Bei ihren Sondierungen der Geschlechterrollen mag die Künstlerin es drastisch, Männer müssen Hunde mimen. So führt sie als Lou Andreas-Salomé, eine Femme fatale und Intellektuelle der Jahrhundertwende, ihre Gefährten Friedrich Nietzsche uMnd Sigmund Freud als Doggen an der Leine durch das Wiener Schwarzenberg-Palais. Die Domina trägt Schwarz und hat eine Peitsche zur Hand. Für die Fotoserie „Quadrupeds“ halten zwei Burka-Trägerinnen vier nackte Männer an der Leine, Araber und Amerikaner, wie der Begleittext informiert, die sich im Film gegenseitig anfallen.

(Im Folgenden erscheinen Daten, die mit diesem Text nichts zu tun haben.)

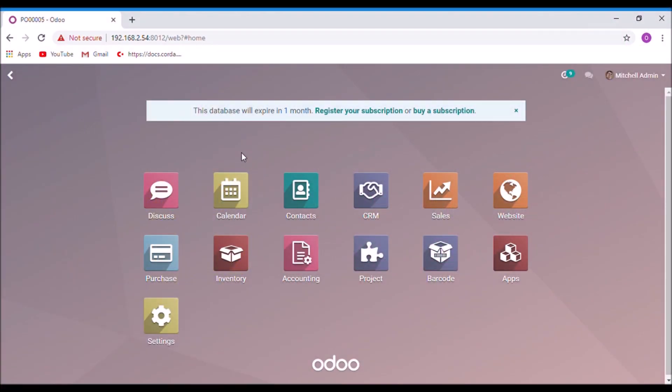This video is about use of replenish button in products. Replenish button is used to apply a specific route for certain quantity of products. For example, if we want to purchase 200 quantity of products, then we can apply the route by using replenish. Let us see how it works.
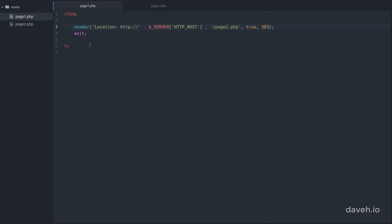So doing all this is the recommended way to redirect to another page using PHP.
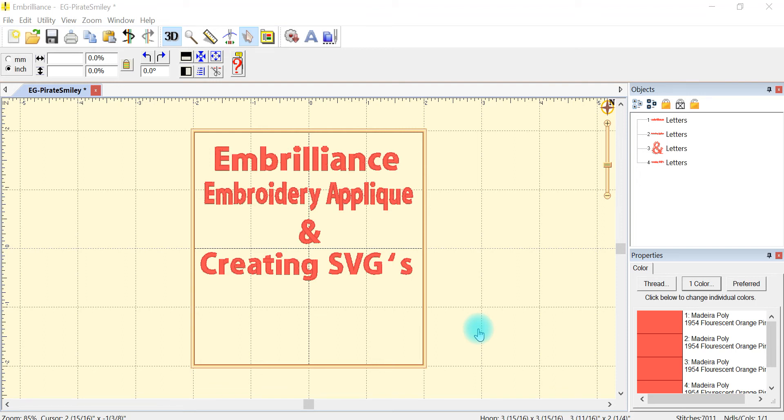Good morning everybody. I thought that I would do a video today showing Embrilliance, which is an embroidery software with an embroidery applique and how to create an SVG to cut your fabric for your appliques.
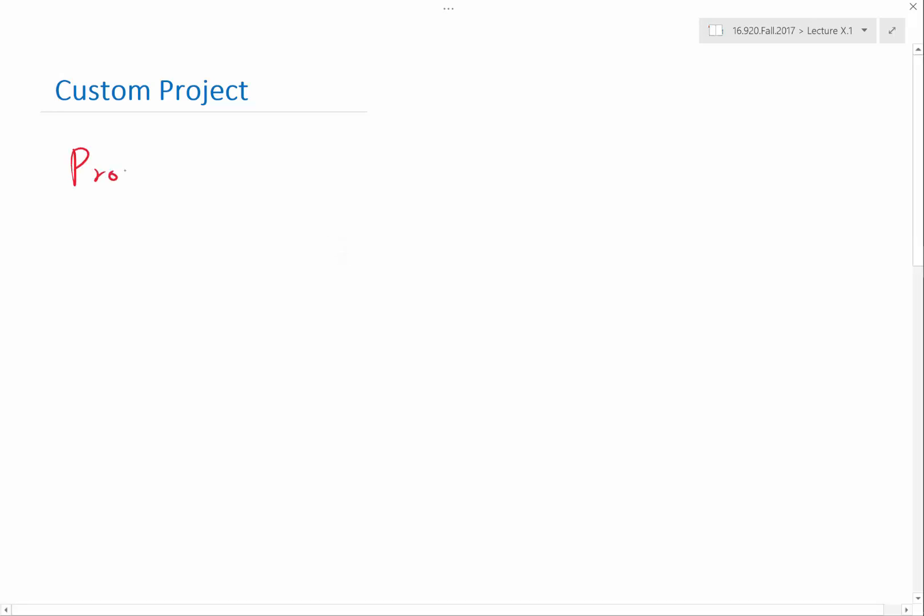I want you to not have to worry about what you're going to do for the custom project during Thanksgiving. The proposal is due just before Thanksgiving, on the 22nd, the Wednesday before Thanksgiving.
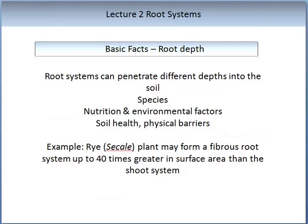Let us look at some basic facts about root depth. The depth of root penetration into the soil can vary depending on the species, the nutrition available, environmental factors, whether the plant is in a growth-promoting or stress situation, the soil health, and the presence of any physical barriers within the soil. An example of impressive root depth is demonstrated by the rye plant, which can produce a fibrous root system up to 40 times greater than its surface area. In trees and shrubs, the absorptive roots are usually superficially located in the soil but the root system often extends laterally beyond their aerial canopies.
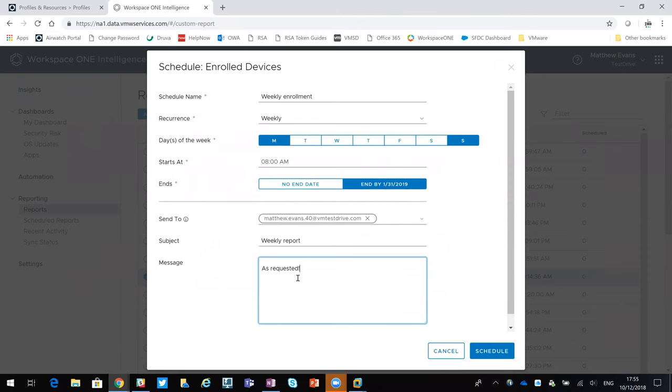If I then schedule that, that would be a weekly occurrence, that would just keep coming to me up until the 31st of January.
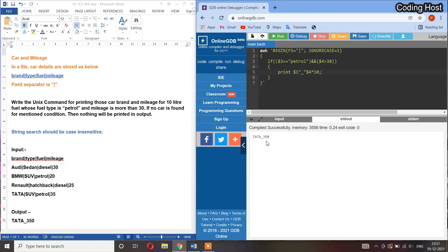You can see that in the output we are getting Tata underscore 350. Its mileage is 35 which is larger than 30, and for 10 liter of fuel the mileage will be 10 into 35, so 350. This program is working fine. Thanks for watching.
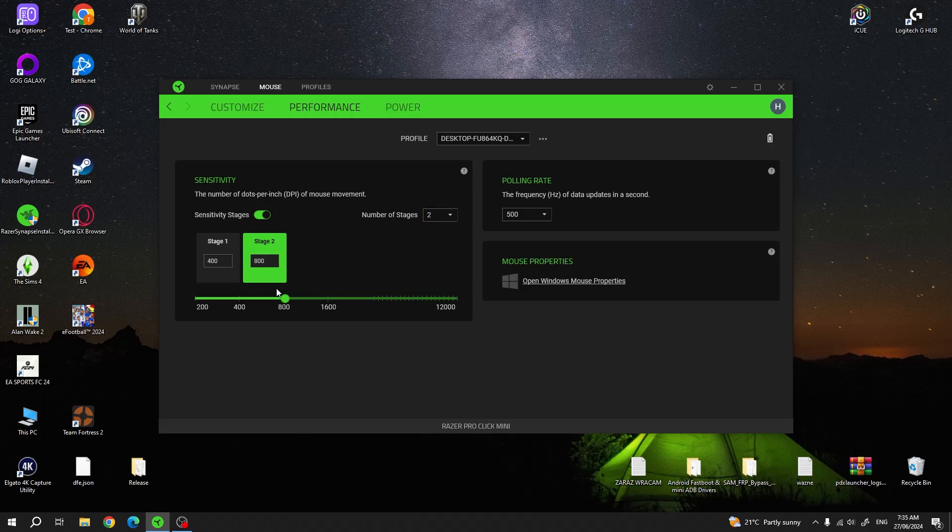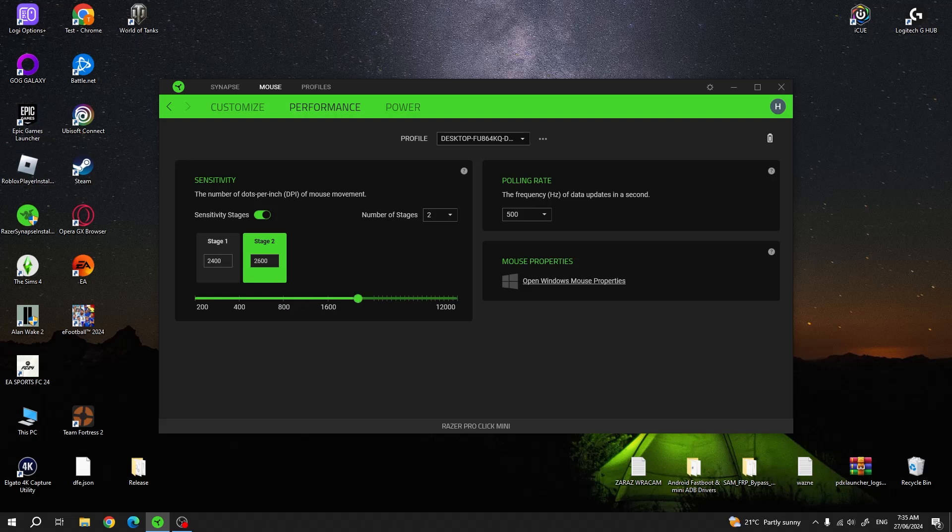Then to adjust the DPI we can select one of the stages and adjust it with this slider, then move to the second stage and you can do the same thing, then click on the DPI button in the middle of your mouse to switch between different DPI levels.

Das alles erinnert stark an Valie Exports und Peter Weibels Gassigehen in den 60ern. Gewiss, Kozyra will mehr – sie mengt dem Feminismus noch Weltpolitik bei und erhöht damit das Erregungspotenzial. Doch wo soll das hin? Ist der Hund nun böse und die Halterin gut? Steckt in der Verbrüderung mit der Tierwelt das Heil? Am Ende wirken die Motive vor allem dick aufgetragen, die Tabubrüche wie Effekthascherei. Schade, von einer Powerfrau wie Katarzyna Kozyra hätte man gerne mehr mitgenommen für da draußen.

Galerie Zak/Branicka, Lindenstr. 35, bis 16.2.; Di bis Sa 11 – 18 Uhr.